**GOAL OF THE EXERCISE**
Reproduce the opening lines of the records exactly, up to and including the line in which "Gebraucht Opel Astra" occurs.

**INPUT MATERIAL**
--- START ---

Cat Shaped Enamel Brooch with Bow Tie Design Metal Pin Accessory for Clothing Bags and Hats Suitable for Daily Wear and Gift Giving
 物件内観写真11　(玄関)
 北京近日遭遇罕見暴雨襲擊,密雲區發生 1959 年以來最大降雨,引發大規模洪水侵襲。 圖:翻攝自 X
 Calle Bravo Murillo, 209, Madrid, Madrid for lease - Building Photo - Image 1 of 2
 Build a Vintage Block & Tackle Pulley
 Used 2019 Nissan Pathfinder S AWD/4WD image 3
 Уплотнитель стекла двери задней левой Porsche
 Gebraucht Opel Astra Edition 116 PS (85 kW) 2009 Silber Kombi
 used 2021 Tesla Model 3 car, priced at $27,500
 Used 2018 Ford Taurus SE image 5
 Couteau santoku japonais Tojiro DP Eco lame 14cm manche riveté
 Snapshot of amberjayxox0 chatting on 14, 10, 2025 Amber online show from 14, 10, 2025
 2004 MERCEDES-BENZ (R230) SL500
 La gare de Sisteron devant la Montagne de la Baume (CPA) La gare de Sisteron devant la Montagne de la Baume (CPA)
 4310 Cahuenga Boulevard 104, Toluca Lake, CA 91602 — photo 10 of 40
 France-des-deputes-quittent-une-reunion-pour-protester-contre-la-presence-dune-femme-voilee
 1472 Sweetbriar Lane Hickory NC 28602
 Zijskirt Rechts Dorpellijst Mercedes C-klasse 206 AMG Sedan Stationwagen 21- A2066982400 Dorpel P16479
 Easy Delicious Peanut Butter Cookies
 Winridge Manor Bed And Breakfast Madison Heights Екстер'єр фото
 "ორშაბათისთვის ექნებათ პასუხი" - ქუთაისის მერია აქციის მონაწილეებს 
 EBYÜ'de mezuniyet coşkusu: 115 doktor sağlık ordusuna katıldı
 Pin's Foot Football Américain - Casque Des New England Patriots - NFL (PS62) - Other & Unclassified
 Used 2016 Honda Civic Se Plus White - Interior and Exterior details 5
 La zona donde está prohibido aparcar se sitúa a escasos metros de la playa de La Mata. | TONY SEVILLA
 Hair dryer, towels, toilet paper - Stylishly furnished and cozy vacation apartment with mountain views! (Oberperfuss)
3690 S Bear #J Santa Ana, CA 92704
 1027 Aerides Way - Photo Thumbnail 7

--- END ---

**TASK OUTPUT**
Cat Shaped Enamel Brooch with Bow Tie Design Metal Pin Accessory for Clothing Bags and Hats Suitable for Daily Wear and Gift Giving
 物件内観写真11　(玄関)
 北京近日遭遇罕見暴雨襲擊,密雲區發生 1959 年以來最大降雨,引發大規模洪水侵襲。 圖:翻攝自 X
 Calle Bravo Murillo, 209, Madrid, Madrid for lease - Building Photo - Image 1 of 2
 Build a Vintage Block & Tackle Pulley
 Used 2019 Nissan Pathfinder S AWD/4WD image 3
 Уплотнитель стекла двери задней левой Porsche
 Gebraucht Opel Astra Edition 116 PS (85 kW) 2009 Silber Kombi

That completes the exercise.